17 janvier 2018

Curtis Harding - Face Your Fear (2017)

C'est lui le nouveau petit prince de la pop-soul mâtinée chatoyante d'Atlanta. Curtis Harding - bien pour le prénom, même si un peu encombrant - s'était fait connaître en 2014 avec son debut Soul Power. Qui étrangement n'avait de soul que le nom et sonnait davantage pop. Sympa mais pas bouleversant non plus.


Le deuxième long format du chanteur-guitariste s'apparente davantage à une réussite puisqu'on peut affirmer sans guère se tromper que ce sophomore compta parmi les plus belles réussites de 2017.
On note ce timbre stylé, cette classe coolitude qu'offrait naguère un Gnarls Barkley ("On and on", "Till the end", "Need your love"). Normal : Curtis a fait ses gammes comme choriste de Cee Lo Green  auprès de qui il a appris que placer sa voix avec l'âme est au moins aussi important que la technique vocale. Ce qui n'est pas un vain mot, quand on sait l'aisance stupéfiante et le coffre du maestro susnommé.

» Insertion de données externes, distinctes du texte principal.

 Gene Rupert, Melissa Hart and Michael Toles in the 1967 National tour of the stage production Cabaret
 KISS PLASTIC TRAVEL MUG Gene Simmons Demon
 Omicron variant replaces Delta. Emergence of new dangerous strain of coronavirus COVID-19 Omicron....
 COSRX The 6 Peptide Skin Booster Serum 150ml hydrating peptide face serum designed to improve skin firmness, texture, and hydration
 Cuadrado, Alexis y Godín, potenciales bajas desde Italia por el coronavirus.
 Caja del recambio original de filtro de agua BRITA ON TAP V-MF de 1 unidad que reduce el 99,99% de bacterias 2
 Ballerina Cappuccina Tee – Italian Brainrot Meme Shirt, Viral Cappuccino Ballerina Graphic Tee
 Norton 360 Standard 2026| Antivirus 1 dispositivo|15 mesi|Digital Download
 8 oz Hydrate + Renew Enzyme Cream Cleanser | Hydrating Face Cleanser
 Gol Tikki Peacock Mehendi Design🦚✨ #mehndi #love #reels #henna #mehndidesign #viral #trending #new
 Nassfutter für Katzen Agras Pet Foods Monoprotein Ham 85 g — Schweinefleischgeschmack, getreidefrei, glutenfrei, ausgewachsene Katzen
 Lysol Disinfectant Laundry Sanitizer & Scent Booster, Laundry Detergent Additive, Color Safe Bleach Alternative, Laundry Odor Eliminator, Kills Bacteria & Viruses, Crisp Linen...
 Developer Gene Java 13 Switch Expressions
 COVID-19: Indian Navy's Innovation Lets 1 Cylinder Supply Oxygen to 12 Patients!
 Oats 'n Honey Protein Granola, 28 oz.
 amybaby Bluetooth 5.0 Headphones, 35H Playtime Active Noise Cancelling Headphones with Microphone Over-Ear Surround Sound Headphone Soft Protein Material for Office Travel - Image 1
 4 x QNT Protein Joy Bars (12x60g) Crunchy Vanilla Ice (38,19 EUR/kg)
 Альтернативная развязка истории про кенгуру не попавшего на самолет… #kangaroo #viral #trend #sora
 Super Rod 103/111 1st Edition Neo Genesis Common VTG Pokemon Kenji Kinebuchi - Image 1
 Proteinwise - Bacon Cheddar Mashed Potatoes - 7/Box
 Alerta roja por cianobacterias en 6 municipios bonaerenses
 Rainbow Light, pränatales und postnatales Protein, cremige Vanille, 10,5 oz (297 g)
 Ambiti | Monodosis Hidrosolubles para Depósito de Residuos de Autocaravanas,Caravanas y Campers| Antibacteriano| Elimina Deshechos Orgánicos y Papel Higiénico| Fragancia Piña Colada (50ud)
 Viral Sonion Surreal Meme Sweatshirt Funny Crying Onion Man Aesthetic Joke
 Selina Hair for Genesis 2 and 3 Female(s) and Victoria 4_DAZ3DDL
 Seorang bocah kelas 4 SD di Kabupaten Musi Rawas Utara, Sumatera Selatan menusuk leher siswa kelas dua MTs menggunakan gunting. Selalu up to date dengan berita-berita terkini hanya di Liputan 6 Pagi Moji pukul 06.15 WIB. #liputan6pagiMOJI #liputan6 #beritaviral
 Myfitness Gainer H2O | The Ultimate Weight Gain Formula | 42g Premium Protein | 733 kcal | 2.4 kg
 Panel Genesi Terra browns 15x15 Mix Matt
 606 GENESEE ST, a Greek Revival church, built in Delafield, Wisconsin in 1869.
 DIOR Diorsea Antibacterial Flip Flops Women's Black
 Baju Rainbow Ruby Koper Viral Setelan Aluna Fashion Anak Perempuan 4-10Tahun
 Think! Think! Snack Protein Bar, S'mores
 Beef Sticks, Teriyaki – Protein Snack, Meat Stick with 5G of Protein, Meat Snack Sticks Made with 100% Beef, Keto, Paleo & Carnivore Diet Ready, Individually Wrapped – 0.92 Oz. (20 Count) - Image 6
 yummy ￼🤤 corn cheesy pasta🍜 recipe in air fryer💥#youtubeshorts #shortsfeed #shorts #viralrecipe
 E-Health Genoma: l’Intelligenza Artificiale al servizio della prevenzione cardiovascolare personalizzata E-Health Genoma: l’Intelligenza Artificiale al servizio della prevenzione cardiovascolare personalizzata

En deux mots comme en cent, Face Your Fear convoque un paquet de facettes multiples du personnage Curtis et de la soul comme on l'aime ; celle à grands renforts de mellotrons soyeux ambiance roulage de pelles et refrains en voix de tête qui ne dédaignent pas les sujets sérieux tels l'acte de contrition d'un père auprès de ses enfants ("Wednesday Morning Atonement") ou bien le morceau-titre qui fait plus que raviver le fantôme de feu le divin Curtis (Mayfield), autre grande influence de Harding.
Et puis il y a ces giclées de foutre wah wah, plus proches du spectre Hendrixien - et une autre influence, une - sur "Need my baby" ou "Go as you are" avec vocaux féminins suaves en sus. Un morceau assez étonnant en ce qu'il évoque aussi bien le fameux gaucher de Seattle.......qu'Algiers, les récents récipiendaires du blues le plus habité qui soit, eux aussi d'Atlanta. L'homme est d'ailleurs assez adroit à la six-cordes, faut-il le noter.
Passer des ambiances sexy et langoureuses de Al Green à celles plus funky de Mayfield est un plaisir qui ne se refuse pas. Sans défricher quoi que ce soit, Curtis Harding énumère ses influences sans que son album ne perde sa belle cohérence, ni que cela altère l'alternance finaude de climats langoureux ("Wednesday...", "Face your fear", "Dream girl", "Ghost of you") avec celle des brûlots mentionnés.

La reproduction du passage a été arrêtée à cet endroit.